In his remarkable TED talk called “Why Good Leaders Make You Feel Safe,” Simon Sinek calls us to the attention of what kind of leaders are willing to sacrifice for the good of the unit/team/business.

Sinek points out it’s not just because they are better people but that if the environment is right, everyone can become this kind of leader; an environment of “deep trust and cooperation.” But these are feelings and not instructions.  He points out that going back to the earliest part of our civilization, with the dangers of weather and elements and  animals, they created a ‘circle of safety’ and built a tribe and it’s in that safety we felt a sense of trust and cooperation.

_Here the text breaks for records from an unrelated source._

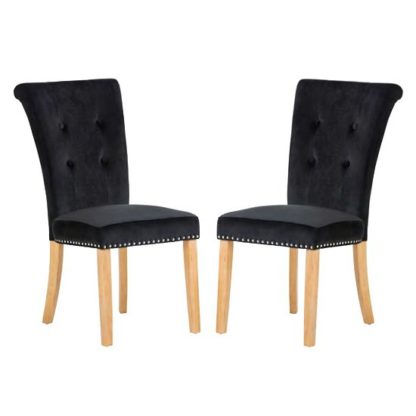 An Image of Wodan Velvet Dining Chair In Black With Oak Legs In A Pair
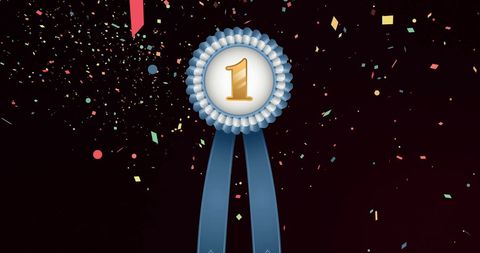 Gold number one medal with blue ribbon amidst confetti celebration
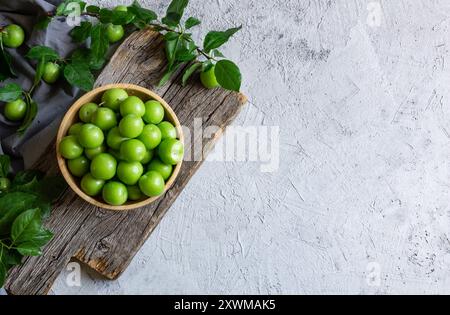 Prunes vertes biologiques fraîches mûres ou greengage dans un bol sur fond rustique blanc, tas de concept de fruits d'été Banque D'Images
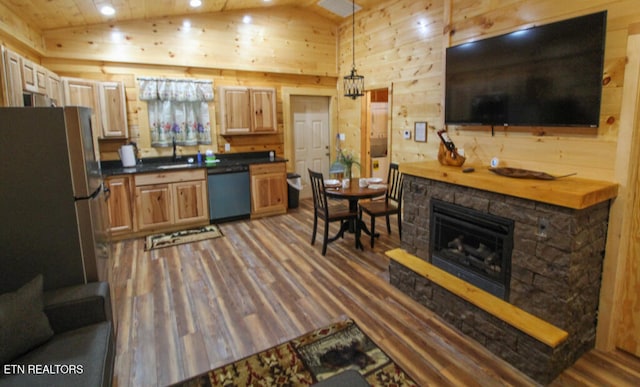 kitchen with wooden walls, hanging light fixtures, dark hardwood / wood-style floors, and appliances with stainless steel finishes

In a way, it’s the same thing in a team’s locker room.  Coaches have to make our athletes feel “safe” in order for them to trust us as coaches. As Sinek eloquently puts it, “When a Leader makes the choice to put the safety and the lives of the people inside the organization first, to sacrifice their comforts and sacrifice their tangible results so that the people remain and feel safe and feel like they belong, remarkable things happen.”

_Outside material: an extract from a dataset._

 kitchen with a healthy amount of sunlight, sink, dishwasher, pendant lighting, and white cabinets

 We have to make them know, not just think but KNOW, that we want what’s best for them; as athletes and more importantly as people. As SInek points out, the variables outside the tribe can’t always be contained but the “conditions inside the organization, that’s where leadership matters because it’s the LEADER who sets the tone.”

Sinek points out that “If the conditions are wrong we are forced to expend our own time and energy to protect ourselves from each other and that inherently weakens the organization.”

Sound familiar?

Do we as coaches communicate at a high enough level with our athletes to make them feel safe and give them a sense of belonging? In some of the Region’s preseason Parent presentations, we ask the athletes to tell everyone what it is about Youth sports that disturbs them the most; about parents, coaches, officials, etc. Their number one answer about coaches is, “the coach doesn’t tell me anything when I get subbed out. What I did wrong or why? Why I’m not playing?”

How can an athlete feel safe if they aren’t given the most basic answers to being an athlete?

Men’s National Team Assistant Coach Andrea Becker, in a blog here a few months back, talked about making sure athletes feel safe. “They’re all athletes. They all want to be great and they all have different issues that they work through. So what I try to do is work with that person individually and figures out what’s best for them in that moment whether it’s the National Team level or the College level or even high school level. It’s just about figuring out what that person needs in a given moment of time and doing what helps meet those needs.”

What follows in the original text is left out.